Mastadon(title pending)
Yes, this is intentionally misspelled though we might change that in the future in case it hinders search results and stuff. This is a world where dark fantasy and 90s retro-futurism collide, literally. Think of knights with machine guns, space marines with enchanted swords, high-calibre rounds leaving dents in mythril breastplates, and men-at-arms on cybernetic horses. In the distant future of 2016, a scientific experiment on a lunar research station opened a portal to another world. At the same time, in a dimension of sorcery and feudalism, a council of wizards opened a portal to another world, and explorers from each land found themselves in the same mysterious place.
Cultures and technologies have clashed and mixed in these mysterious lands since. The PCs are mercenaries, taking odd, usually violent, jobs to get by.

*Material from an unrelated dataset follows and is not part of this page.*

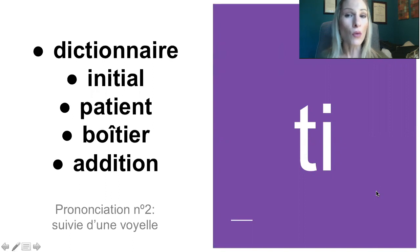Ensuite, la deuxième prononciation, c'est lorsque le T est suivi d'une voyelle. So, the second pronunciation of the T and I together is when it's followed by a vowel. Donc, écoutez et répétez: dictionnaire, initial, patient, boîtier, addition. Donc, souvent, ce T et I suivi d'une voyelle donne le son S. So, when followed by a vowel, that T and I together often will produce that sound like an S.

Gameplay-wise it’s largely a combat-focused dungeon crawler emulating retro-FPS combat in TTRPG form, with an emphasis on making every type of gun feel totally unique by tying them to entirely different dice mechanics, which in turn makes warriors using these guns strategize entirely differently.
Bone Grinder
Bone Grinder is a “dumber” game, but still with an emphasis on combat. It has a notably more punk and metal aesthetic. Imagine a rocker with a mohawk and leather jacket killing a demon with an axe guitar that is also actually an axe. One of the core mechanics is that players will “bone” the game master by “throwing the bones” at them, which means literally trying to hit them with dice. A successful hit will add a bonus to whatever dice roll comes up when the thrown die lands. When it is the monsters’ turns, the game master will throw that same die right back at them. So if you throw a D6, that’s a D6 attack coming back at your PC next turn. If you throw a D20, that’s a D20 attack coming back at your character next right, so you better make it count, better kill ‘em in one shot!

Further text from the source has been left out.